We remained concerned that RA funding may be endogeneous, specifically that there might exist unobserved individual-level variation in student preferences for particular work activities that affect both the probability that their primary support comes from a RA position and the probability they take a research-focused job after graduation. Interestingly, when we employ two-stage IV estimation for the full model described above—including university fixed effects—we find no evidence of such endogeneity (p>.48). To the extent there is selection on preference for research activity, it seems to be revealed and fully accounted for through students’ choice of graduate program. We do, nonetheless, provide our results from two-stage GMM IV estimation in the Results section that follows.

For this approach, we needed instruments strongly correlated with probability of a student receiving primary support from a research assistantship, but that provided no additional explanatory power for students’ postdoctoral placements in R&D-focused jobs. Intuitively, if the university where a student earns his or her PhD experiences an increase in its share of graduate students funded by the NIH as research assistants during the period after he or she enrolls—which helps protect us against students’ selecting into programs on that basis—but before the student's year of graduation, then all else equal, we'd predict a higher likelihood that when he or she graduates, the student will report RA funding as his or her primary mechanism of financial support. We therefore propose as instruments the first through third lags, relative to student i's graduation year, of university u's percent of full-time biomedical sciences graduate students primarily funded on NIH research assistantships. In addition, because the number of RA positions overall (both NIH- and non-NIH-funded) is partly driven by changes in total life sciences research intensity, we also considered per capita life sciences R&D expenditures and per capita predicted NIH funding in each student's final year as candidate instruments. The relevance condition for these instruments is easily tested, and we do so, finding the first-stage F-statistics for the excluded instruments exceeds 16 for the full sample. To test the exogeneity condition, we take advantage of overidentification provided by the multiple instruments.
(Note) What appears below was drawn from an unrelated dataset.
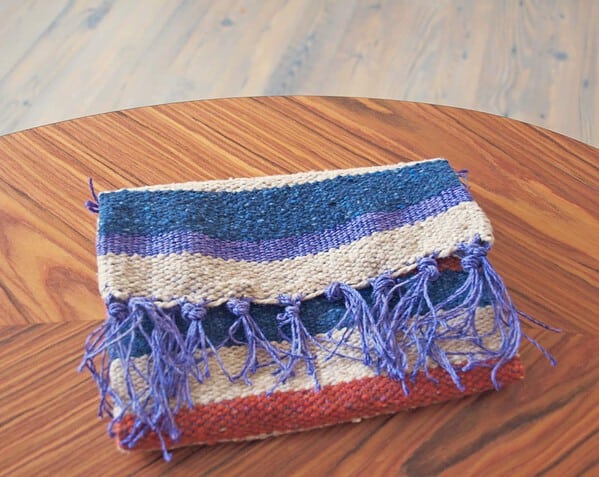 DIY Hippie-Täschchen weben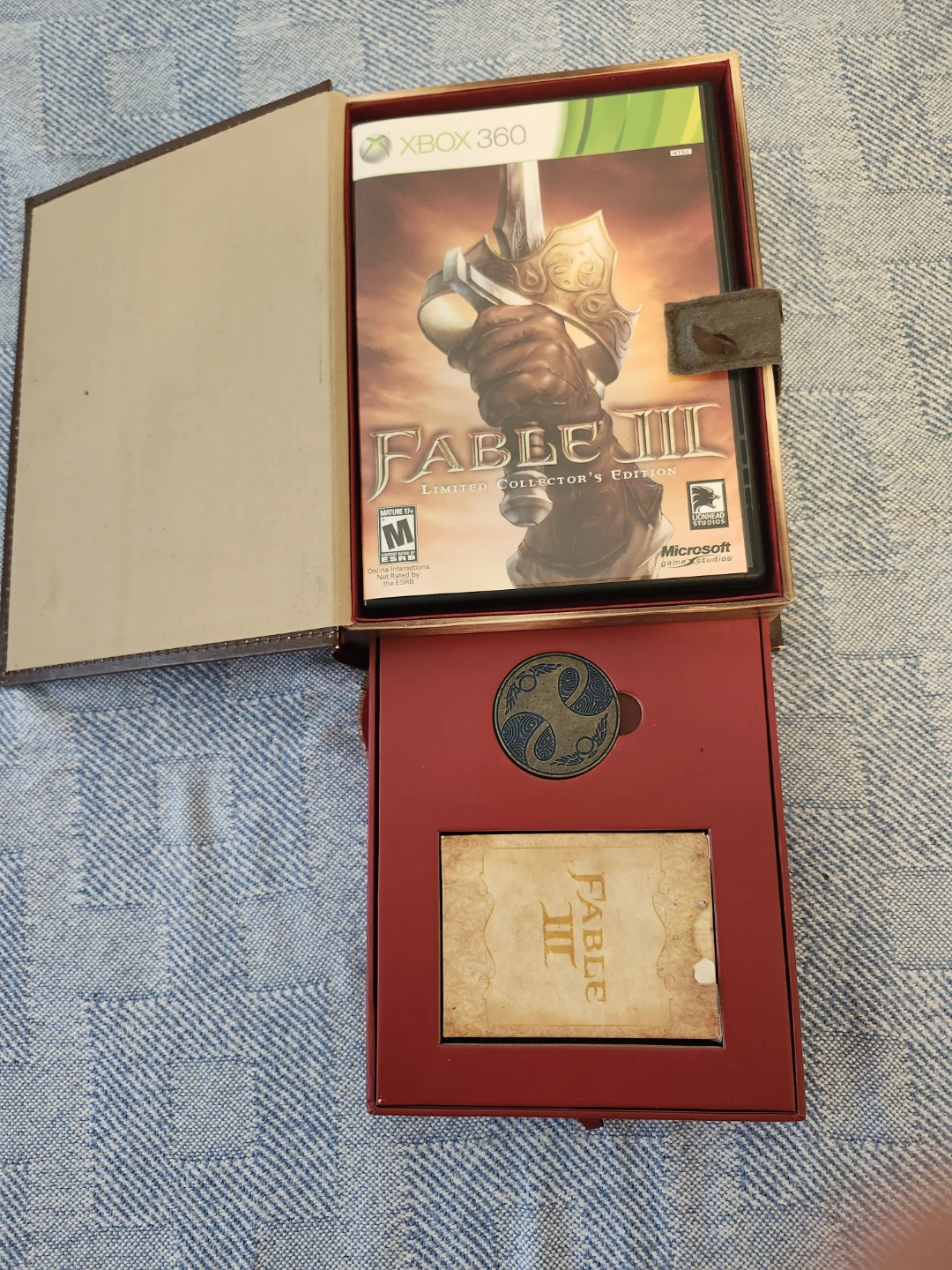Fable III Limited Collector's Edition Xbox 360 Game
Hansen's J-statistic indicates no reason for concern, as we fail to reject the null hypothesis of exogeneity with p>.38 in all cases.

Finally, because foreign students’ employment in the U.S. scientific workforce reflects both selection to stay in the U.S. after graduation and some preference for R&D-focused employment, either or both of which may be correlated with PhD students’ primary funding mechanisms, we conclude our empirical analysis with two-stage general method of moments (GMM) IV system estimation of two simultaneous equations, predicting respectively: (1) probability of remaining in the U.S. after graduating with a biomedical sciences PhD; and (2) probability of a U.S. R&D job, conditional on definite employment plans. These models include the same demographic variables, field of degree, and year fixed effects as described above. In addition, because we find PhDs who stay in the U.S. are more likely that those who leave to have definite employment plans for research-focused jobs, we include an additional indicator variable for taking any (U.S. or foreign) R&D job in the model predicting staying in the U.S., overall. We treat this variable as potentially endogenous. With this variable included, the set of university fixed effects becomes jointly insignificant (p=.32) for predicting foreign students’ probability of staying in the U.S. after graduation, so we exclude university fixed effects from that equation to simplify GMM estimation. However, we do retain university fixed effects in the second equation predicting probability of a U.S. R&D job. Excluded instruments for both equations include per capita predicted NIH R&D funding in the student's final year, and the first through third lags of the institution's percent of full-time graduate students supported as NIH-funded RAs.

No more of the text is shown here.